Somehow Singleton shows the craziness of people and their petty, and sometimes not petty, problems, issues, quirks without making fun of them but just elucidating their idiosyncrasies. And, I do find that most people are obsessed about one thing or another. We all seem to be addicted.

I'm particularly fond of this issue of Oxford American because I own an original photographic print of the photograph that is featured on the cover. It's a beautiful photograph by Ben Davis entitled Fay and Persimmon from his series, After Jordan. It hangs in our home and I look at it daily.

01 December, 2015

George Singleton, "Seldom Around Here"

Walter Inabinet, changed his name to Seldom, quit his job selling pharmaceuticals and became a fake folk or faux primitive artist. He goes to his art shack in which he spins out his paintings and what-nots that the gallery owner, Margaret Flythe, buys and then marks up to thousands of dollars and sells to the yuppies. One day a woman with a sick baby shows up and wants him to "breathe" on the baby and cure it of its bad case of thrush.

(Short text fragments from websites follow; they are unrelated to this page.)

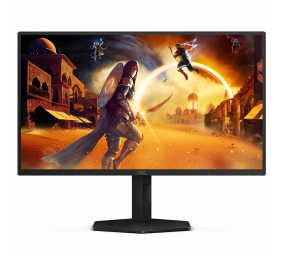 AOC 25G4SXU | 24.5 " | IPS | FHD | 310 Hz | 1 ms | 1920 x 1080 pixels | 400 cd/m² | HDMI ports quantity 2 | Black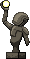 Animação de Busto Antigo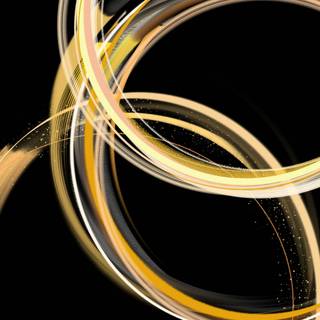 Gold galaxy wallpaper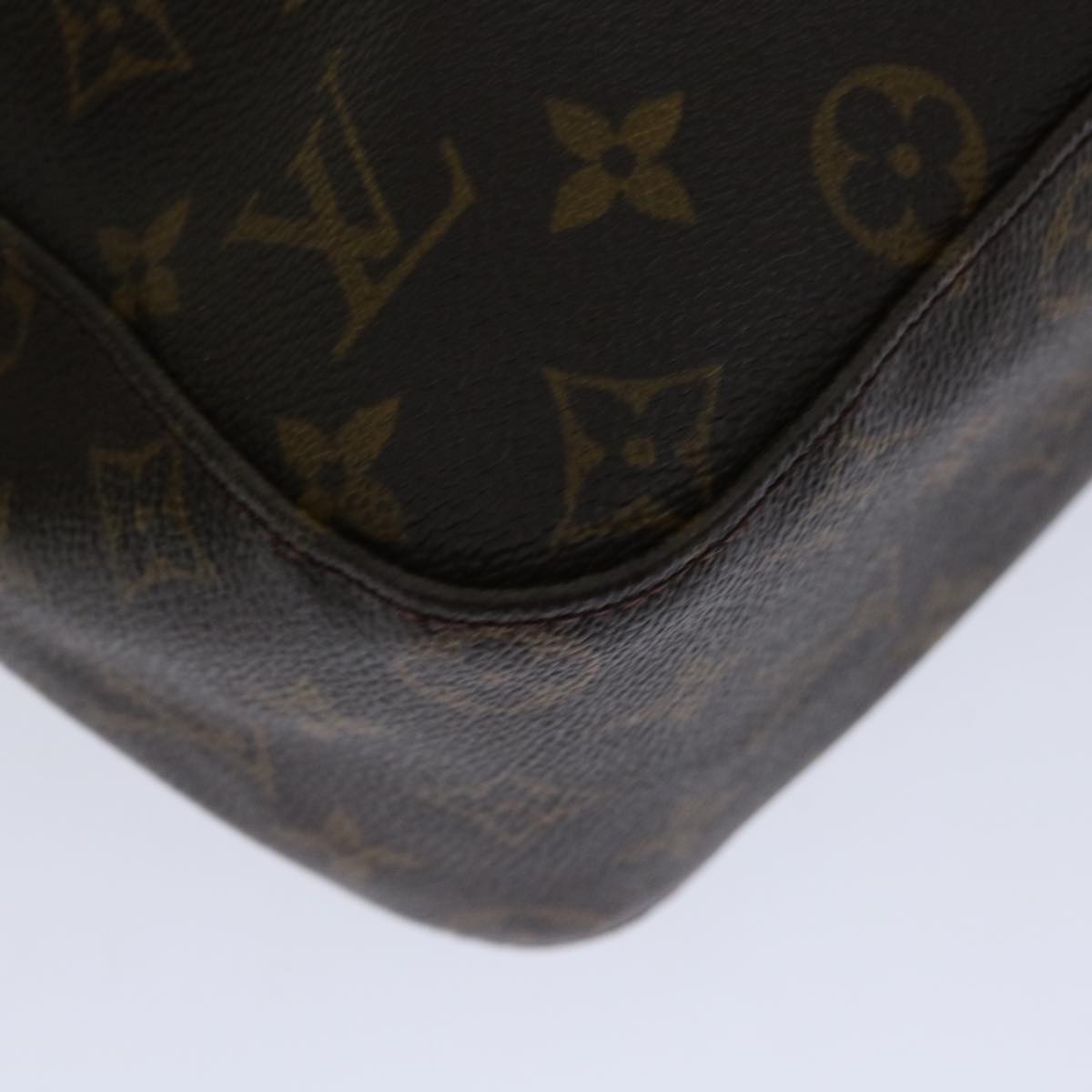 LOUIS VUITTON Monogram Looping GM Shoulder Bag M51145 LV Auth 66462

Seldom's wife, Emmie, is none too pleased with her husband's career move. She ends up having sex with the highway trooper, Loris Treen, while they are looking for the woman on the run who has just abandoned her sick baby. In the meantime, Seldom has sex in the art shack with the gallery owner. It's a funny story and the people are just screwed up enough that they are totally believable.

I like the theme of fakery and posing and how things can sound like they are different just because they have prestigious names, pharmaceutical salesman or snake-oil-fake-religious-artist-healer-guy.

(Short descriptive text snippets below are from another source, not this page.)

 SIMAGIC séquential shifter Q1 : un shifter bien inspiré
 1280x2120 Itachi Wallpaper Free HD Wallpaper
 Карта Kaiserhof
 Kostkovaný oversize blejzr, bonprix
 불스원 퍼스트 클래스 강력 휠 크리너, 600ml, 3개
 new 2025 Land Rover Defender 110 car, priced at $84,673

"Seldom Around Here" was published in Zoetrope: All-Story in 2001. You can read the story here at this link. This afternoon I found Singleton reading a story online but my wonderful discovery was that a poet, Janice N. Harrington, was also reading. She teaches at the University of Illinois. I love her poetry and the way she reads it.

12 February, 2015

George Singleton, "What Could've Been?"

This story contains parts that are in a list style while giving directions, driving directions in a monologue fashion, to a listener, or to himself to return home with the parents waiting in the driveway because he missed curfew. It's a can't go home again story, "what could've been?" The story takes us through the 20th century suburbanization and rapid growth of corporate fast food chains, bank turnovers, demise of drive-in movies, multitude of car makes, pot smoking, etc. It's only three pages long and laments what could've been. I don't quite know how to explain what this story does but it's fabulous. And the way it sounds in my head is sing-song, poetic, musical.

"What Could've Been?" is in the current issue, 80, of Agni. I found a great video, from 2009, on YouTube of George Singleton and some students at his house and you can see his face jug collection. Then they wander around a flea market. LINK TO YOUTUBE VIDEO and a 2010 TED reading!

02 July, 2014

George Singleton, "Traditional Development"

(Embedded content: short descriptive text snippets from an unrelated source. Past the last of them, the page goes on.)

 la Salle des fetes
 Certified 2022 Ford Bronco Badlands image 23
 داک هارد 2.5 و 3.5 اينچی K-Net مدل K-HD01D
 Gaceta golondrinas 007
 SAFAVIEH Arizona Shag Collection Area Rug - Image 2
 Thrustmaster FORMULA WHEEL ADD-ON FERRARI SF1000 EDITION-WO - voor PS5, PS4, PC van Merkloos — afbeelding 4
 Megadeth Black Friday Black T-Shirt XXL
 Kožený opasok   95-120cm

Story about how people don't usually change much even after a windfall of seemingly good fortune. "Winning money, as he had learned, wasn't necessarily good fortune, at least not for people like him."

This theme is also shown in the way Brenda takes photographs of the old interiors of their house to display after she's remodeled. The old is still there over the new facade.

I enjoyed this story a lot with the myriad of amusing characters. The POV is a limited shifting and in past tense. The story takes place between Columbia, SC and Charlotte, NC.

"Traditional Development" was published in the 2014 summer issue of Oxford American. George Singleton teaches at Wofford College.